In 1895, the newly formed Greater Japan Martial Virtue Association (Dainippon Butokukai) held its first annual Martial Virtue Festival (butokusai) in the ancient capital of Kyoto. The Festival marked the arrival of a new iteration of modern Japan, as the Butokukai’s efforts to define and popularise Japanese martial arts became an important medium through which the bodies of millions of Japanese citizens would experience, draw on, and even shape the Japanese nation and state. This book shows how the notion and practice of Japanese martial arts in the late Meiji period brought Japanese bodies, Japanese nationalisms, and the Japanese state into sustained contact and dynamic engagement with one another. Using a range of disciplinary approaches, Denis Gainty shows how the metaphor of a national body and the cultural and historical meanings of martial arts were celebrated and appropriated by modern Japanese at all levels of society, allowing them to participate powerfully in shaping the modern Japanese nation and state.

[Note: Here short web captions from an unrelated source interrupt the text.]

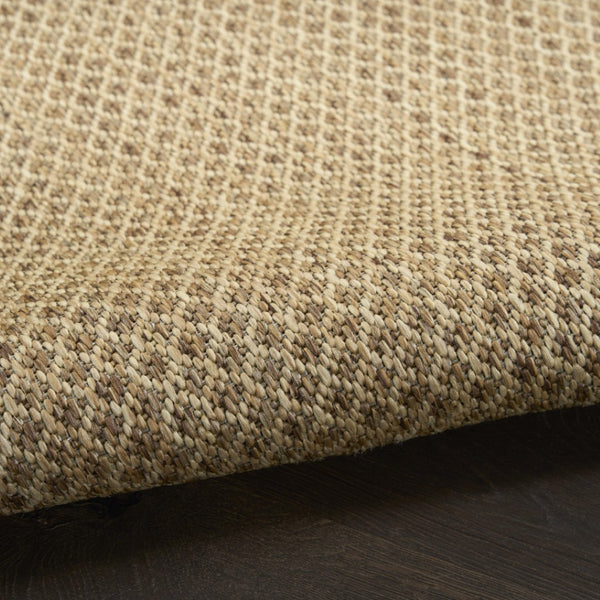 HomeRoots 10' Tan Geometric Indoor Outdoor Rug - Versatile, Durable, Low-Maintenance for Modern Spaces & Patios 573251
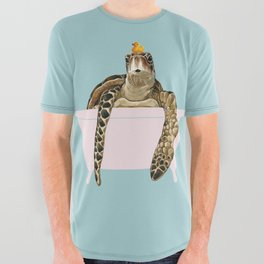 Sea Turtle in Bathtub All Over Graphic Tee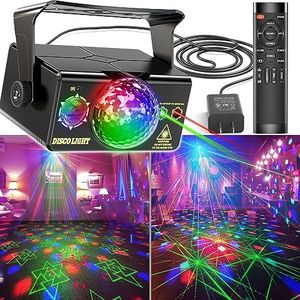 Party Lights Disco Light Strobe Stage Light Rave Lights Sound Activated RGB Led Projector with Remote Control for Parties Bar Birthday Wedding Holiday Event Live Show Xmas Decorations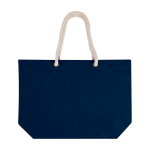 Saco de praia de algodão reciclado com asas de cordão 270 g/m2 cor azul-marinho segunda vista frontal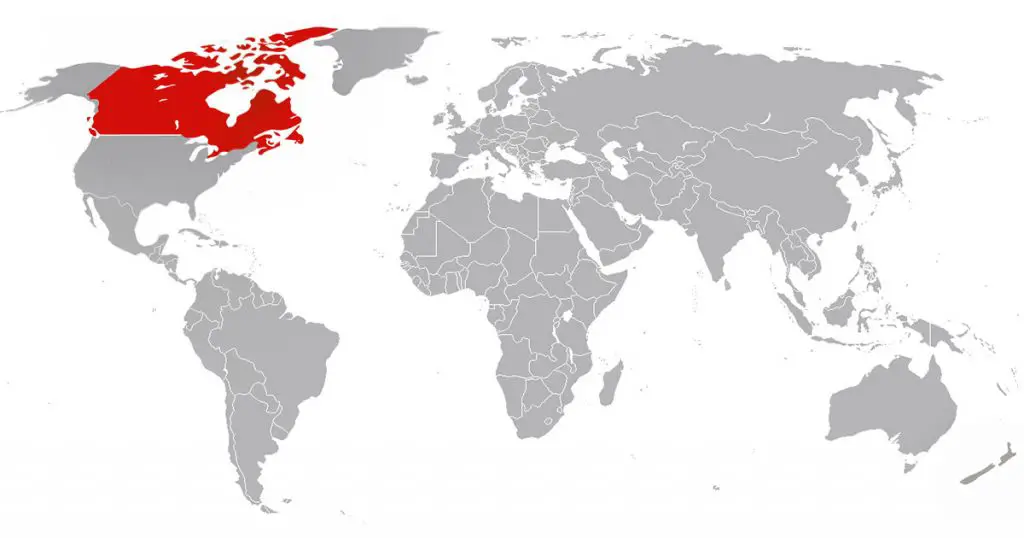 position of Canada on the world map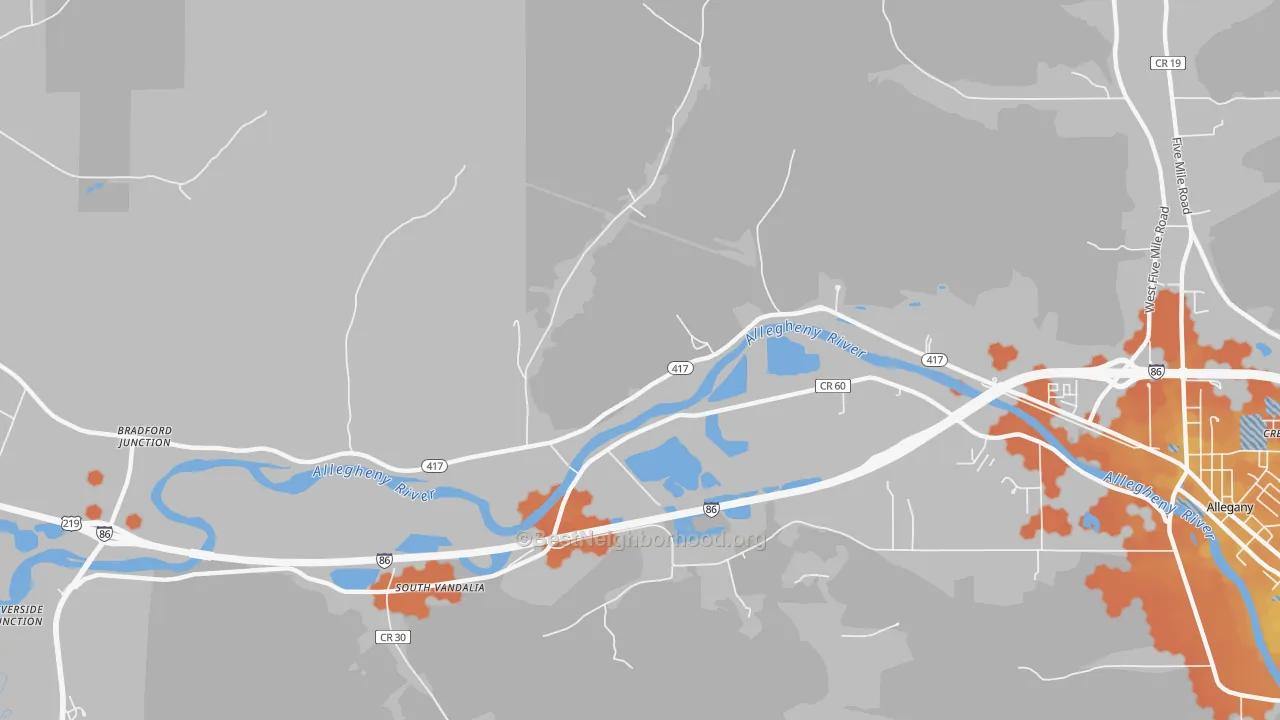 Bike Grade map of Vandalia, NY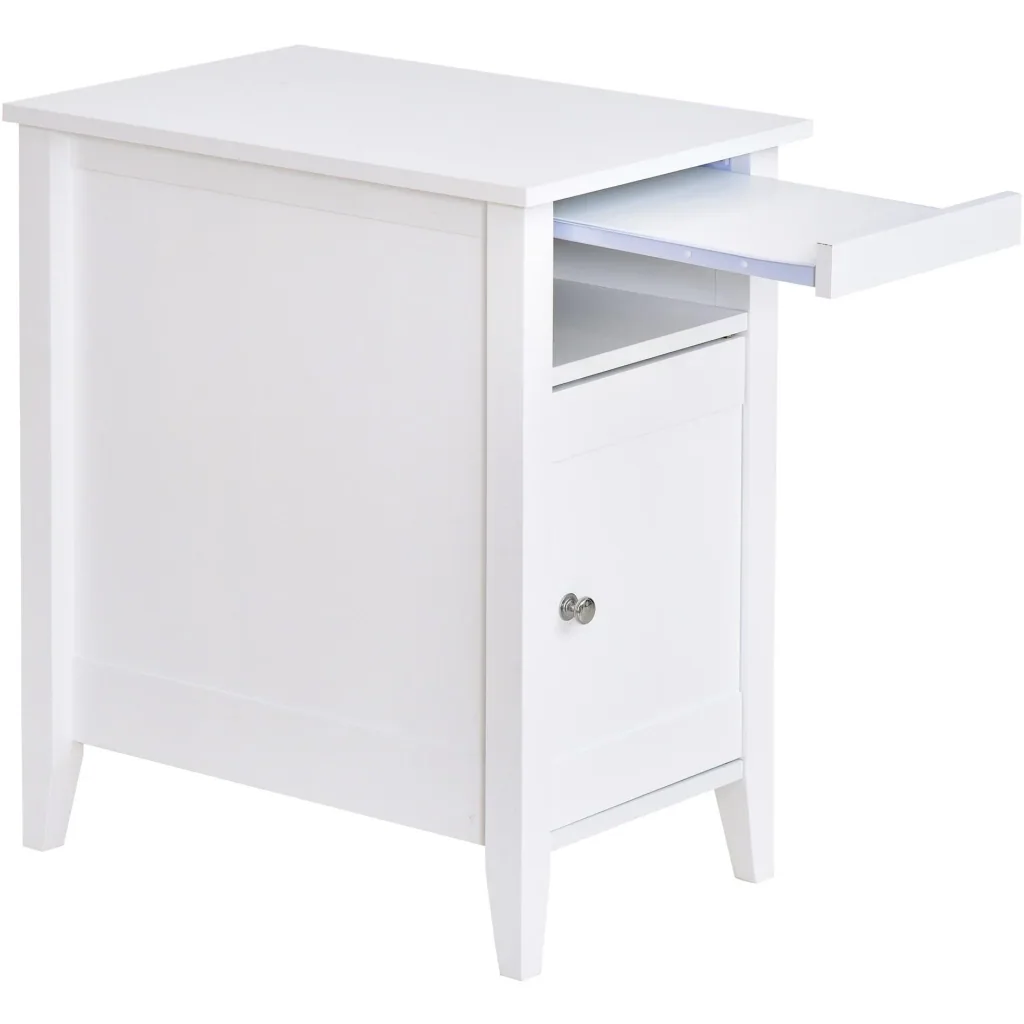 Side table with cabinet, white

While recent works have cast modern Japanese and their bodies as subject to state domination and elite control, this book argues that having a body – being a body, and through that body experiencing and shaping social, political, and even cosmic realities – is an important and underexamined aspect of the late Meiji period. Martial Arts and the Body Politic in Meiji Japan is an important contribution to debates in Japanese and Asian social sciences, theories of the body and its role in modern historiography, and related questions of power and agency by suggesting a new and dramatic role for human bodies in the shaping of modern states and societies. As such, it will be valuable to students and scholars of Japanese studies, Japanese history, modern nations and nationalisms, and sport and leisure studies, as well as those interested in the body more broadly.